Saturday, February 1, 2020

Bog 12: Cumulative Sum in R

Cumulative Sum using R


Introduction

In almost all business problems, the focus is always to look at key takeaways in any analyses.Most Academic disciplines teach a concept known as Pareto Principle which states that 80% of the effect comes from 20% of the causes(also read as cases). If we look at an analyses standpoint, it is always advisable to look at the LOW HANGIN FRUITS first. According to me, these low hanging fruits are established keeping Pareto Principle in mind.

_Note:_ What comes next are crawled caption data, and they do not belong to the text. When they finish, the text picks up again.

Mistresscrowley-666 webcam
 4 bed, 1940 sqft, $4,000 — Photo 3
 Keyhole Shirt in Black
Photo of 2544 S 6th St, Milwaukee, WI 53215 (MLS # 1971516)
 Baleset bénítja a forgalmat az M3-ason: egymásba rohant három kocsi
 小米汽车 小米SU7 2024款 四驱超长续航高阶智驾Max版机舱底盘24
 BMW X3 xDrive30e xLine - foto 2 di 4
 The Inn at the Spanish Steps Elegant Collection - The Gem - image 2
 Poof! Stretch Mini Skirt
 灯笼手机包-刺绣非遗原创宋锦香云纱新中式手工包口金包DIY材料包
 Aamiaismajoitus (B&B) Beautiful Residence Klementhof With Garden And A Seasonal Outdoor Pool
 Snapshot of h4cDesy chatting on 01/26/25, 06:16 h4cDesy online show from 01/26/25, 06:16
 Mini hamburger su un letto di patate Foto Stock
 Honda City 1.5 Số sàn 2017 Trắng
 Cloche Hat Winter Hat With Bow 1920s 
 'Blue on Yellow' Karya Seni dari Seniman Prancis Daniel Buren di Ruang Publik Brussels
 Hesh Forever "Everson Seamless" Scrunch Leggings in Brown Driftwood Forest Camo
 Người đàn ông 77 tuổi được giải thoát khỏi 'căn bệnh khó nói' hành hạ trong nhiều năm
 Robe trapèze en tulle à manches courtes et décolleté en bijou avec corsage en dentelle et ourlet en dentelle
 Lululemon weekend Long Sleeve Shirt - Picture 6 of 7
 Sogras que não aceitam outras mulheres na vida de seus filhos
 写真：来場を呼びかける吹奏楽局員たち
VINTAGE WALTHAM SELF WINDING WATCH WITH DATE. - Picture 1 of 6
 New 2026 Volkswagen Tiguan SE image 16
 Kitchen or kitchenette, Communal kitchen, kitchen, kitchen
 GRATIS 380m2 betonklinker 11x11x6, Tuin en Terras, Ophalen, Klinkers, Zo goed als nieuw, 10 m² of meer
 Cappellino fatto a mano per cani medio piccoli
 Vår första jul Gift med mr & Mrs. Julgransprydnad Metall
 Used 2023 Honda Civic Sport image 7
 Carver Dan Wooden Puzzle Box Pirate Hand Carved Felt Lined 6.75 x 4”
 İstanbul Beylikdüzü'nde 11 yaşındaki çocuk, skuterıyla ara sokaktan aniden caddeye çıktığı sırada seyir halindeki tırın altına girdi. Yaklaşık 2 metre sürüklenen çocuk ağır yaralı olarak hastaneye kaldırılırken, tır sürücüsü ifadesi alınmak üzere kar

The purpose of writing this blog is to introduce the concept of Cumulative sum in R that helps you deal with practical scenarios while working with datasets. Some of problems we face while handling data set are listed below:

  • Create cumulative sum of Sales/Gross Margin/Net Cash flow/Cases around key Attributes such as COuntry, Product Category etc
  • Identify groups/Combination that contribute to 80% of the Impact(Sales, Gross Margin etc)
  • Identify Products that can help Sales Rep achieve Sales Target
  • Quota Allocation exerise where quota is given based on relative contribution of each Product or Region

In this blog, we will look at how to proceed for each of the cases mentioned above

Installing the library: dplyr and tidyr

if(!require("dplyr")){
  
  install.packages("dplyr")
}else{
  
  library(dplyr)
}

if(!require("tidyr")){
  
  install.packages("tidyr")
}else{
  
  library(tidyr)
}


Importing the dataset

For this exercise we will look at the Cybersecurity breaches reported to the US Department of Health and Human Services.There are 1151 records in the data set with 9 variables. Our aim is to calculate the Percentage of Cases reported at each Sate at an Entity Level.Here we will look at the concept of cumulative sum in R

# Ecdat library for importing the dataset

if(!require("Ecfun")){
  
  install.packages("Ecfun",dependencies = T)
}else{
  
  library(Ecfun)
}


if(!require("Ecdat")){
  
  install.packages("Ecdat",dependencies = T)
}else{
  
  library(Ecdat)
}

data(HHSCyberSecurityBreaches)
df<-HHSCyberSecurityBreaches
head(df[,1:3])%>%
knitr::kable()
Name.of.Covered.Entity State Covered.Entity.Type
Brooke Army Medical Center TX Healthcare Provider
Mid America Kidney Stone Association, LLC MO Healthcare Provider
Alaska Department of Health and Social Services AK Healthcare Provider
Health Services for Children with Special Needs, Inc. DC Health Plan
L. Douglas Carlson, M.D. CA Healthcare Provider
David I. Cohen, MD CA Healthcare Provider

The names of the columns are:

  • Name.of.Covered.Entity:A character vector identifying the organization involved in the breach.
  • State: State abbreviation
  • Covered.Entity.Type: A factor giving the organization type of the covered entity
  • Individuals.Affected: An integer giving the number of humans whose records were compromised in the breach.
  • Breach.Submission.Date
  • Type.of.Breach: A factor giving one of 29 different combinations of 7 different breach types,
  • Location.of.Breached.Information: A factor giving one of 47 different combinations of 8 different location categories: “Desktop Computer”, “Electronic Medical Record”, “Email”, “Laptop”, “Network Server”, “Other”, “Other Portable Electronic Device”, “Paper/Films”
  • Business.Associate.Present:Logical = (Covered.Entity.Type == “Business Associate”)
  • Web.Description: A character vector giving a narrative description of the incident.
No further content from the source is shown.